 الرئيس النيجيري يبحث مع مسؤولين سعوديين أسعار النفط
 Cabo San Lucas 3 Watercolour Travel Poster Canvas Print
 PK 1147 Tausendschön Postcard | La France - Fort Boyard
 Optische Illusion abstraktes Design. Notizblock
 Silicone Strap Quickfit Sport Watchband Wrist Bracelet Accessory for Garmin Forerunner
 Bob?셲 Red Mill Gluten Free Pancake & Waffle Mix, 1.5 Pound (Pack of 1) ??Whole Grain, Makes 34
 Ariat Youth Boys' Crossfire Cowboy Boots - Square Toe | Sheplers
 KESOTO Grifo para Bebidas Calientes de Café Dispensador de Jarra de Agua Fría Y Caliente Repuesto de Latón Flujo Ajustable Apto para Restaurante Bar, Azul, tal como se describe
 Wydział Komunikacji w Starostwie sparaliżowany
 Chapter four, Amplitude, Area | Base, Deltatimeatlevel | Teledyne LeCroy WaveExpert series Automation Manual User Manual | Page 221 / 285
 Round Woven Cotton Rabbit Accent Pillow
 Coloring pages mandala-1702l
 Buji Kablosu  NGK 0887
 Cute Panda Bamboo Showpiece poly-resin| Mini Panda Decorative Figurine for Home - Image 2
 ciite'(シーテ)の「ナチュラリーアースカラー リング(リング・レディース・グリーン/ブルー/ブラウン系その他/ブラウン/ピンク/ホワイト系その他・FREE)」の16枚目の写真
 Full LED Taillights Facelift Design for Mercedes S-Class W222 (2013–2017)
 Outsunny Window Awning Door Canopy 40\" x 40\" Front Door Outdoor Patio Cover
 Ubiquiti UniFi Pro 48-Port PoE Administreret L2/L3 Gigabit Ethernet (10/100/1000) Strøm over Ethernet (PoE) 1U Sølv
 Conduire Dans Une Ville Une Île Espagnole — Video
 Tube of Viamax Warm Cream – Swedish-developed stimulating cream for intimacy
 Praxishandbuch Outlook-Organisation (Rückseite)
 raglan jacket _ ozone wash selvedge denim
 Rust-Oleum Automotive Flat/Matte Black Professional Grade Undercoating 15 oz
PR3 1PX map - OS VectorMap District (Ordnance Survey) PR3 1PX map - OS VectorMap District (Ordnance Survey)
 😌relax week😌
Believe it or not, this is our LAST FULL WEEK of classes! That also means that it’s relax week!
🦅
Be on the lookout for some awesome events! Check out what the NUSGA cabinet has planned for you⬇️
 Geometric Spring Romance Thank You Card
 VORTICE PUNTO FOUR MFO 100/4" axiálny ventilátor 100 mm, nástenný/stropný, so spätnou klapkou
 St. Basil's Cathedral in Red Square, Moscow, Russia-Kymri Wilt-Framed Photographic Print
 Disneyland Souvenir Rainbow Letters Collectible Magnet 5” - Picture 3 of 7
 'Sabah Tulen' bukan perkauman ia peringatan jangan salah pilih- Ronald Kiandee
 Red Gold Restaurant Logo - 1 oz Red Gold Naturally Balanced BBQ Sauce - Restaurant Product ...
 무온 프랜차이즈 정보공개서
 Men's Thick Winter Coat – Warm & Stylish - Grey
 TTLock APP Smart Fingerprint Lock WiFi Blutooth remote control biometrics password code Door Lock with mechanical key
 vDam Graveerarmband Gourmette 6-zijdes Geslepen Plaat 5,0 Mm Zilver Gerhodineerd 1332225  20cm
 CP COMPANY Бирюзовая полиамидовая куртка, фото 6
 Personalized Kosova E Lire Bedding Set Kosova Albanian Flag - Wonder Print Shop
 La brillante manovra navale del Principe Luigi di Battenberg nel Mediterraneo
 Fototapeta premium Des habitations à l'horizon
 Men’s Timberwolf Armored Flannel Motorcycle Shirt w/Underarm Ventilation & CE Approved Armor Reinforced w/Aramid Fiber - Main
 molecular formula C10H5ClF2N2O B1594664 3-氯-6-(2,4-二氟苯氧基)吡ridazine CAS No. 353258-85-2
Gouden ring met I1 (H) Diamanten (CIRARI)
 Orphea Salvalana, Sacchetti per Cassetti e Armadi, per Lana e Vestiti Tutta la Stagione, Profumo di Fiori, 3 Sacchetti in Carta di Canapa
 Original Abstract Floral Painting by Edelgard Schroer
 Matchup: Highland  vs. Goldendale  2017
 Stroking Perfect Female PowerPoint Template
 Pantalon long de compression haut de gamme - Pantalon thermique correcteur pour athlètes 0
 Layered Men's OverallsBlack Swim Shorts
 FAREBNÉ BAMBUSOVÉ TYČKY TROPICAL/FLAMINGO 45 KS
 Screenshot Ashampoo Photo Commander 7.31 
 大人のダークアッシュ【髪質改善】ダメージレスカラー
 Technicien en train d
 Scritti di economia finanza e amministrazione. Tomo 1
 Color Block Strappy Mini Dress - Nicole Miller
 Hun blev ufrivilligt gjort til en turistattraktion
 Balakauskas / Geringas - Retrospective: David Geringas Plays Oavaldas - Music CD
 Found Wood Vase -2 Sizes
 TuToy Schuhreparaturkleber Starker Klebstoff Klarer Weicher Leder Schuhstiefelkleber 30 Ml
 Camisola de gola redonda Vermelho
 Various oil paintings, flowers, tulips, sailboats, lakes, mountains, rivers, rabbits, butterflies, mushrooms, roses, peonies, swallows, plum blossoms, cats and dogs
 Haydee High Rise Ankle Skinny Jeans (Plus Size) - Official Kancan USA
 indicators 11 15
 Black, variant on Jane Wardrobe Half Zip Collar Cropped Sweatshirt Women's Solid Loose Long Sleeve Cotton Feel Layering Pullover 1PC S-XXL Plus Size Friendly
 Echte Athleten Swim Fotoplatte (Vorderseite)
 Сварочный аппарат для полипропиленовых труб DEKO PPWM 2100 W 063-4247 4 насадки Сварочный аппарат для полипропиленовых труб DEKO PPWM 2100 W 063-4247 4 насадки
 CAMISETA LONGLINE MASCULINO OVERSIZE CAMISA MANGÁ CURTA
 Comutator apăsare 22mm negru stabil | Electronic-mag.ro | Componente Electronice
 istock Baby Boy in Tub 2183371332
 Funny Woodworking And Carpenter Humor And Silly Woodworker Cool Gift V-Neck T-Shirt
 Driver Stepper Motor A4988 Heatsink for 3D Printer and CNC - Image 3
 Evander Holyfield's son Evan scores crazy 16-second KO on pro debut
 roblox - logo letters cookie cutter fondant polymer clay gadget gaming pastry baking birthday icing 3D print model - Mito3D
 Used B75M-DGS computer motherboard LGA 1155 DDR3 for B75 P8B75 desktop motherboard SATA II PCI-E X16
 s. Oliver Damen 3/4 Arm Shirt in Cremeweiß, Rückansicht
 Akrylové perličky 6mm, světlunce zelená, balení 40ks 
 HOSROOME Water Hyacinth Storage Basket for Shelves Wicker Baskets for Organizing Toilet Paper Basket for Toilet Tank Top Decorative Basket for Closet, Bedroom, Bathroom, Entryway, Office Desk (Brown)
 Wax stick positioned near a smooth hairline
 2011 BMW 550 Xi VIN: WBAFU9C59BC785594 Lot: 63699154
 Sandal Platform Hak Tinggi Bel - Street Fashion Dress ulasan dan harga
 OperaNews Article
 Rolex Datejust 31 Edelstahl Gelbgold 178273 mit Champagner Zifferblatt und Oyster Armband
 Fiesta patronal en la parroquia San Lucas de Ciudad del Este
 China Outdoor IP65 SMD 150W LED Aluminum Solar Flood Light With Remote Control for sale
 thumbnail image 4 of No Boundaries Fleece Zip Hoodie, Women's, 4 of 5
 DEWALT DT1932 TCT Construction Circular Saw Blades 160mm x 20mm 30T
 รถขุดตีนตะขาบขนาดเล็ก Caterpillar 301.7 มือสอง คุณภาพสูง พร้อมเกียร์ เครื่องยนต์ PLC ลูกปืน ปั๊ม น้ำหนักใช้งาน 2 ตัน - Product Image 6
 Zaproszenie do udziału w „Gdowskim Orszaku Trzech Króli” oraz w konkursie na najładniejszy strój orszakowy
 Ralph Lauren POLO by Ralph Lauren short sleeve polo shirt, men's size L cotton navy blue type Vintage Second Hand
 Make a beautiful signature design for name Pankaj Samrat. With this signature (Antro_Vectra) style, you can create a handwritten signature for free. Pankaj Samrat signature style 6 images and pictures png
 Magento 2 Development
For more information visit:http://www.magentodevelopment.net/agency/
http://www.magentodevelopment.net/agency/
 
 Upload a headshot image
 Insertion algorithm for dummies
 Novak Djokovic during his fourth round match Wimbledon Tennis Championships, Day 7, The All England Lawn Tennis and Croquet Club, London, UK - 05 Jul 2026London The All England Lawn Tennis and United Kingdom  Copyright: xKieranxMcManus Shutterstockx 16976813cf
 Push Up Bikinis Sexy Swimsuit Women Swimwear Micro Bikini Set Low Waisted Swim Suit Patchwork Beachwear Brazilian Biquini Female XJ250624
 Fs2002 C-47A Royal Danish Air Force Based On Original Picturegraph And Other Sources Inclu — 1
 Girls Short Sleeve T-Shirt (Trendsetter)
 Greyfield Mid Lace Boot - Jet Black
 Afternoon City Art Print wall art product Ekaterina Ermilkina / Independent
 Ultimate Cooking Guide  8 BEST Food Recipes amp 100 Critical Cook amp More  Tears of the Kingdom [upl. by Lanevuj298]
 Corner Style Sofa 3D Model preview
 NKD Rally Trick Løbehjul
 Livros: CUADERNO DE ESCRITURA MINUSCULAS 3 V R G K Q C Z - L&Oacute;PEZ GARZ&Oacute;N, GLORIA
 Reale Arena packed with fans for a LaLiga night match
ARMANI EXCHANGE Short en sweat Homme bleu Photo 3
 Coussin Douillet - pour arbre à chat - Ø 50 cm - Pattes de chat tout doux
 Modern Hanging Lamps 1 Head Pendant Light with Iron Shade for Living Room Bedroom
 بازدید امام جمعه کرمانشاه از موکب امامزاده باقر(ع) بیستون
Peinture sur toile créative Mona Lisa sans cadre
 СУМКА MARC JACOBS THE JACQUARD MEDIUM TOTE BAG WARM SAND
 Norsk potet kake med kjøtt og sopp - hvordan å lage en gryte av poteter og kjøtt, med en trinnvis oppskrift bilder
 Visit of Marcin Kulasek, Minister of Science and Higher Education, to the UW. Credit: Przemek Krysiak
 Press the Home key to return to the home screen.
____
◆ **What the exercise asks**: The answer should be an exact copy of the lines from the first line of the data through the line with "Ariat Youth Boys'" and should contain nothing else.

◆ **Exercise output**:
 الرئيس النيجيري يبحث مع مسؤولين سعوديين أسعار النفط
 Cabo San Lucas 3 Watercolour Travel Poster Canvas Print
 PK 1147 Tausendschön Postcard | La France - Fort Boyard
 Optische Illusion abstraktes Design. Notizblock
 Silicone Strap Quickfit Sport Watchband Wrist Bracelet Accessory for Garmin Forerunner
 Bob?셲 Red Mill Gluten Free Pancake & Waffle Mix, 1.5 Pound (Pack of 1) ??Whole Grain, Makes 34
 Ariat Youth Boys' Crossfire Cowboy Boots - Square Toe | Sheplers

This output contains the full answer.